Alors qu’on attend la décision du Conseil constitutionnel sur le décret de convocation des électeurs, l’étude des saisines ELEC de ce jour, 18 juin 2024, du Conseil constitutionnel, fait apparaître un fait nouveau et fondamental : le Conseil constitutionnel a été saisi non seulement de nouveaux recours contre le décret de convocation des électeurs, mais aussi désormais, de recours directs contre le décret du 9 juin 2024 portant dissolution de l’Assemblée Nationale (n°2024-46 ELEC, n°2024-45 ELEC, n°2024-42 ELEC).
Ces recours sont d’une nature différente de ceux contre le décret de convocation des électeurs, posant des questions de compétence et de fond différentes.

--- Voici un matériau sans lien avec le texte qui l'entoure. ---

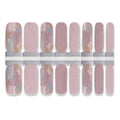 Nail wrap stickers with subtle shimmer and abstract marble accent designs in multiple sizes.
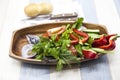 Fresh vegetables on a wooden plate with fork and knife. Red pepper, tomato, cucumber, radish, parsley, dill healthy diet. Royalty Free Stock Photo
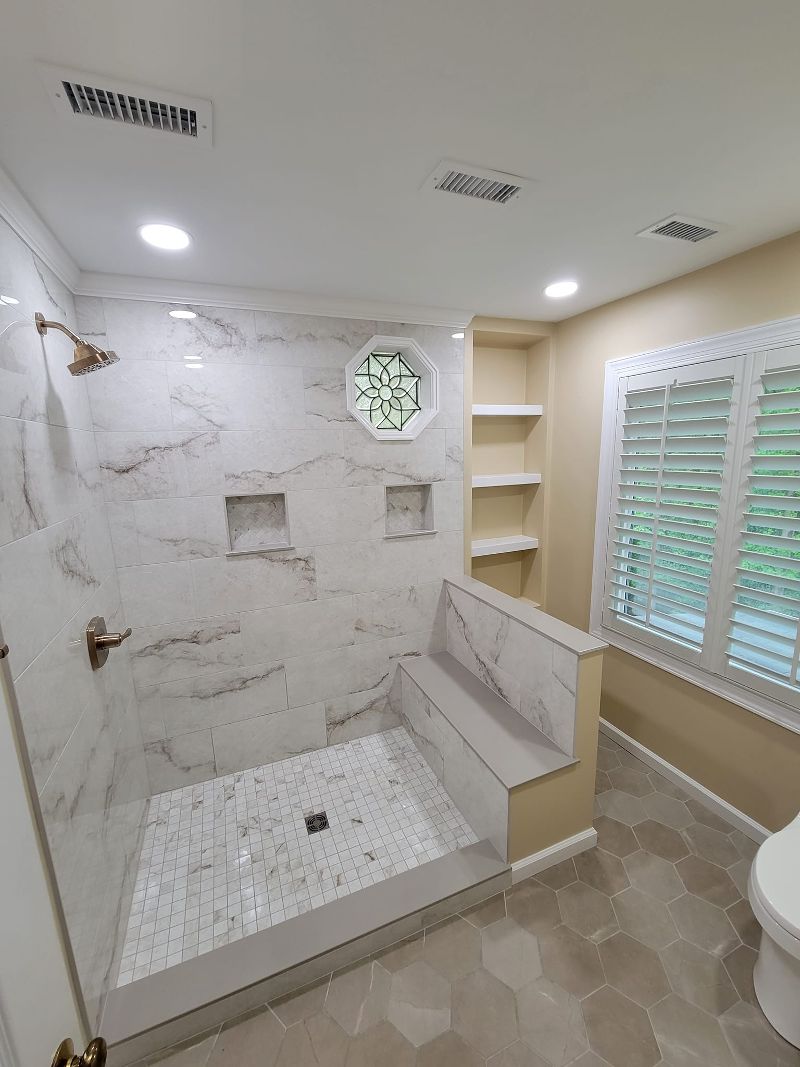 A bathroom makeover with open tile shower and tile flooring.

Tout d’abord, pour le moment, le Conseil constitutionnel s’est déclaré incompétent pour statuer sur le décret de dissolution en tant que tel. Dans une décision n°88-4 ELEC du 4 juin 1988, Décision du 4 juin 1988 sur une requête de Monsieur Rosny MINVIELLE de GUILHEM de LATAILLADE, saisi d’une requête visant à l’annulation du décret du 14 mai 1988 portant dissolution de l’Assemblée nationale, il a estimé « qu’aucune disposition de la Constitution ne donne compétence au Conseil constitutionnel pour statuer sur la requête susvisée ». Cette solution a été confirmée en 1997 (Décision n° 97-14 ELEC du 10 juillet 1997 Décision du 10 juillet 1997 sur une requête présentée par Monsieur Jean-Michel ABRAHAM). Il faudrait donc, pour que le Conseil constitutionnel se déclare compétent, un revirement de jurisprudence sur ce point.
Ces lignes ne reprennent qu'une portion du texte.